Corneille peint les hommes comme ils devraient être ; Racine les peint tels qu'ils sont.
Le devoir des juges est de rendre la justice ; leur métier est de la différer ; quelques-uns savent leur devoir et font leur métier.
Ceux qui emploient mal leur temps sont les premiers à se plaindre de sa brièveté.
Le sage guérit de l'ambition par l'ambition même ; il tend à de si grandes choses, qu'il ne peut se borner à ce qu'on appelle des trésors, des postes, la fortune et la faveur.
Il n'y a point au monde un si pénible métier que celui de se faire un grand nom : la vie s'achève que l'on a à peine ébauché son ouvrage.
Qui peut n'être pas convaincu de son inutilité, quand il considère qu'il laisse en mourant un monde qui ne se sent pas de sa perte, et où tant de gens se trouvent pour le remplacer ?
Il faut rire avant que d'être heureux, de peur de mourir sans avoir ri.
Il est bon qu'il y ait dans le Monde des biens et des maux : sans cela, on serait désespéré de quitter la vie.
Quelques-uns se défendent d'aimer et de faire des vers, comme de deux faibles qu'ils n'osent avouer, l'un du coeur, l'autre de l'esprit.
Quel moyen de comprendre, dans la première heure de la digestion, qu'on puisse quelque part mourir de faim ?
Il est aussi difficile de trouver un homme vain qui se croie assez heureux, qu'un homme modeste qui se croie trop malheureux.
Il y a de petits défauts que l'on abandonne volontiers à la censure, et dont nous ne haïssons pas à être raillés : ce sont de pareils défauts que nous devons choisir pour railler les autres.
Je ne sais si un bienfait qui tombe sur un ingrat, et ainsi sur un indigne, ne change pas de nom, et s'il méritait plus de reconnaissance.
L'avare dépense plus mort en un seul jour, qu'il ne faisait vivant en cinq années ; et son héritier plus en dix mois, qu'il n'a su faire lui-même en toute sa vie.
Toute confiance est dangereuse si elle n'est entière ; il y a peu de conjonctures où il ne faille tout dire ou tout cacher.

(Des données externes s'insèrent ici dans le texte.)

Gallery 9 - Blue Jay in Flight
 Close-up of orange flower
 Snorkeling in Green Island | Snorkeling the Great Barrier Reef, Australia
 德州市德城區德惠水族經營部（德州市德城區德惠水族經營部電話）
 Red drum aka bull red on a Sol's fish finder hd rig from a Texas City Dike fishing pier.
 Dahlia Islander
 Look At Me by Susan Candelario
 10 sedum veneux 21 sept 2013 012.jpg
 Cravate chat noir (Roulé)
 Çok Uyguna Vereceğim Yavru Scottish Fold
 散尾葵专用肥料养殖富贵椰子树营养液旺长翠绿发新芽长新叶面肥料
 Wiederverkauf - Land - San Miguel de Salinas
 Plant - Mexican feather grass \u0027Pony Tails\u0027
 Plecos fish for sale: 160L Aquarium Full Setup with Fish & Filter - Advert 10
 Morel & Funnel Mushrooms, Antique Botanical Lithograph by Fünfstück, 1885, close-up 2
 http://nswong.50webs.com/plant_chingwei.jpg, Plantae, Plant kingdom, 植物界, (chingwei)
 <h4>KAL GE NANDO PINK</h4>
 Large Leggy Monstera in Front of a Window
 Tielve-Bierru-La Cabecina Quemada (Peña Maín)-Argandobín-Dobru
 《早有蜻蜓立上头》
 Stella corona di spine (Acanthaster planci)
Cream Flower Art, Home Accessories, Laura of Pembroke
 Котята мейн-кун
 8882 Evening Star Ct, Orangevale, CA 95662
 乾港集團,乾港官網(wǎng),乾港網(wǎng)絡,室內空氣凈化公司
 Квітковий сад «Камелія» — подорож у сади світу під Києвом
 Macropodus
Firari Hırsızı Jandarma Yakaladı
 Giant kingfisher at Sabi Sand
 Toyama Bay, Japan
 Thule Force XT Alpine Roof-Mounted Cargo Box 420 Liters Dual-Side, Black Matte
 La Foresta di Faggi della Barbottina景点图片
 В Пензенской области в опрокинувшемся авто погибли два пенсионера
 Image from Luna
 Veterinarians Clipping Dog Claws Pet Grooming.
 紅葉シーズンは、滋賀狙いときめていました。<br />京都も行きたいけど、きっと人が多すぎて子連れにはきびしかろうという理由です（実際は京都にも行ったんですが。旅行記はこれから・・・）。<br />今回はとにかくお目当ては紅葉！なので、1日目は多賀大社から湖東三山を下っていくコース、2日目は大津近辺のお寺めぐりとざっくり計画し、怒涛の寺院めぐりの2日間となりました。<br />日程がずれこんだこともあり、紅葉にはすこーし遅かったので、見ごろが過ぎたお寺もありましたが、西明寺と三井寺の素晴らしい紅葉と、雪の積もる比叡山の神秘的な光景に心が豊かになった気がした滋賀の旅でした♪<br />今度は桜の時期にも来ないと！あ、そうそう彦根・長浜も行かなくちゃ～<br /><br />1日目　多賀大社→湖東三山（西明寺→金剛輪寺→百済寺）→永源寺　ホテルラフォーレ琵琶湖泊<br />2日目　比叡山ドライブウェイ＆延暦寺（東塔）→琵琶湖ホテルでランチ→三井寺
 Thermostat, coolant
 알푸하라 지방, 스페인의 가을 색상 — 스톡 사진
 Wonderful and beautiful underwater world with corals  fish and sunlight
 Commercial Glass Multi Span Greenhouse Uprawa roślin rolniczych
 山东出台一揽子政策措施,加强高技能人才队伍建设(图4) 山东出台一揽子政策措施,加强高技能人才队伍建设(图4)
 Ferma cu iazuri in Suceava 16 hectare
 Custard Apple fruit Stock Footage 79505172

On a déjà trop dit de son secret à celui à qui l'on croit devoir en dérober une circonstance.
Il est abstrait, rêveur, et il a avec de l'esprit l'air d'un stupide.
Un beau visage est le plus beau de tous les spectacles ; et l'harmonie la plus douce est le son de voix de celle que l'on aime.
Parler et offenser, pour de certaines gens, est précisément la même chose. Ils sont piquants et amers ; leur style est mêlé de fiel et d'absinthe : la raillerie, l'injure, l'insulte leur découlent des lèvres comme leur salive.
Une belle femme qui a les qualités d'un honnête homme est ce qu'il y a au monde d'un commerce plus délicieux : l'on trouve en elle tout le mérite des deux sexes.
Ce qu'on appelle humeur est une chose trop négligée parmi les hommes : ils devraient comprendre qu'il ne leur suffit pas d'être bons, mais qu'ils doivent encore paraître tels.
Je ne mets au-dessus d'un grand politique que celui qui néglige de le devenir, et qui se persuade de plus en plus que le monde ne mérite point qu'on s'en occupe.